Code Monkey home page Code Monkey logo

doken's Introduction

doken CI Status

A minimalistic, general purpose tokenizer generator.

Usage

Use npm to install:

$ npm install doken

Import doken and create a tokenizer with regular expression rules:

const {createTokenizer, regexRule} = require('doken')

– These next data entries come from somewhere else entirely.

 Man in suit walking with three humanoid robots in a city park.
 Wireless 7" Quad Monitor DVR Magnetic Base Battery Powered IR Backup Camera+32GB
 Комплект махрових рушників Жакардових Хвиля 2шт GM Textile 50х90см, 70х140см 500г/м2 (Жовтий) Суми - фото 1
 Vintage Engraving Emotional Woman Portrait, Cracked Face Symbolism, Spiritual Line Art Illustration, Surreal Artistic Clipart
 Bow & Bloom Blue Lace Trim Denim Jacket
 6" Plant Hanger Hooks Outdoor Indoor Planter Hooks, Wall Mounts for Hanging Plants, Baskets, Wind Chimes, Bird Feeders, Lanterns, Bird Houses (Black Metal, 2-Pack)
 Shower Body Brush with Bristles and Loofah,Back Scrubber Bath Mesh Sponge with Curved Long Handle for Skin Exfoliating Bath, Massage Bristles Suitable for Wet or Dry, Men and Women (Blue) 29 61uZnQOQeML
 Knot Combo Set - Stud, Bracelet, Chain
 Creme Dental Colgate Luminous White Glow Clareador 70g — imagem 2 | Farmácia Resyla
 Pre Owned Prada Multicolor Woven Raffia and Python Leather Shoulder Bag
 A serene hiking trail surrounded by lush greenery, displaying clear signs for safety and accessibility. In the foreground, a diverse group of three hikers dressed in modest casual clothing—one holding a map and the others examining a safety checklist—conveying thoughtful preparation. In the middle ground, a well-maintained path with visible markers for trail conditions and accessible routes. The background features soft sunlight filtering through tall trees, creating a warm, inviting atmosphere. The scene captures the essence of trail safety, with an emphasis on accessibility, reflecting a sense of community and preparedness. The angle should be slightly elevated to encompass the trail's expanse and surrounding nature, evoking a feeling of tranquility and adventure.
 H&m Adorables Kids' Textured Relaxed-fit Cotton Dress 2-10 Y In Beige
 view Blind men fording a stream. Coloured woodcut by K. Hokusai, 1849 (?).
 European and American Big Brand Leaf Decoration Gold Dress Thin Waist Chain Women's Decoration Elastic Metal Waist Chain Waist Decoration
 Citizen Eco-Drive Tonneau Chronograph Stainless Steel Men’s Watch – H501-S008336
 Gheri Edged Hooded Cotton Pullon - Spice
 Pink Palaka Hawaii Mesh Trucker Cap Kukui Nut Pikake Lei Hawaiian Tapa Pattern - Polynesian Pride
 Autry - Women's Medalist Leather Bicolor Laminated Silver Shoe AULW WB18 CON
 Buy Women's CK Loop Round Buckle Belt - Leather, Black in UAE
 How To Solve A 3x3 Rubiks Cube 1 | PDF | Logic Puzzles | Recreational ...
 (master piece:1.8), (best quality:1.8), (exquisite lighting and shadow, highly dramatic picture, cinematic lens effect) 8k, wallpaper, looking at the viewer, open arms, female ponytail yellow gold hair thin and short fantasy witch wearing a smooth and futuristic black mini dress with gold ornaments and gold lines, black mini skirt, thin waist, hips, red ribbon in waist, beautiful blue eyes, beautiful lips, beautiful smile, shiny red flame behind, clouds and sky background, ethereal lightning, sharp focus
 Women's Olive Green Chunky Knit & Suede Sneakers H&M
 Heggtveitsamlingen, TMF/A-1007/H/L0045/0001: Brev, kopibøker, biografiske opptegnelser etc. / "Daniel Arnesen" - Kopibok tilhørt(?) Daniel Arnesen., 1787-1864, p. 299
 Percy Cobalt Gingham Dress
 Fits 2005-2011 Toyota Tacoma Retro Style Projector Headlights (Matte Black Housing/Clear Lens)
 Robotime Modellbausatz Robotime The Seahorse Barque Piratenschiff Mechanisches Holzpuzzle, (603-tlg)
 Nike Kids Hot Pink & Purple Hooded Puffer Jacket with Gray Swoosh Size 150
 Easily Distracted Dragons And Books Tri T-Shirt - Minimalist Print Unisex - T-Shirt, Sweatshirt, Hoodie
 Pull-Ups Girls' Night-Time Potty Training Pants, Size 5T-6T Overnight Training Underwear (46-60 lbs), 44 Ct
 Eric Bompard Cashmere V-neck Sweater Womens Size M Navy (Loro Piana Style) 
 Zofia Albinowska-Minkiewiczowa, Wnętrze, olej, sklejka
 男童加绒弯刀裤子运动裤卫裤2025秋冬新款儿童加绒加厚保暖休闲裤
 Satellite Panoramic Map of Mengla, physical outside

const tokenizeJSON = createTokenizer({
  rules: [
    regexRule('_whitespace', /\s+/y, {lineBreaks: true}),
    regexRule('brace', /[{}]/y),
    regexRule('bracket', /[\[\]]/y),
    regexRule('colon', /:/y),
    regexRule('comma', /,/y),
    regexRule('string', /"([^"\n\\]|\\[^\n])*"/y),
    regexRule('number', /(-|\+)?\d+(.\d+)?/y),
    regexRule('boolean', /(true|false)\b/y),
    regexRule('null', /null\b/y)
  ]
})

let tokens = tokenizeJSON(`{"a": "Hello World!"}`)

console.log([...tokens])

API

Rule object

A rule object contains the following fields:

  • type <string> - The type of the token this rule generates. If type starts with an underscore _, the token will not be emitted by the tokenizer.

  • lineBreaks <boolean> (Optional) - Set this property to true if this rule might match line breaks and you want to track it correctly.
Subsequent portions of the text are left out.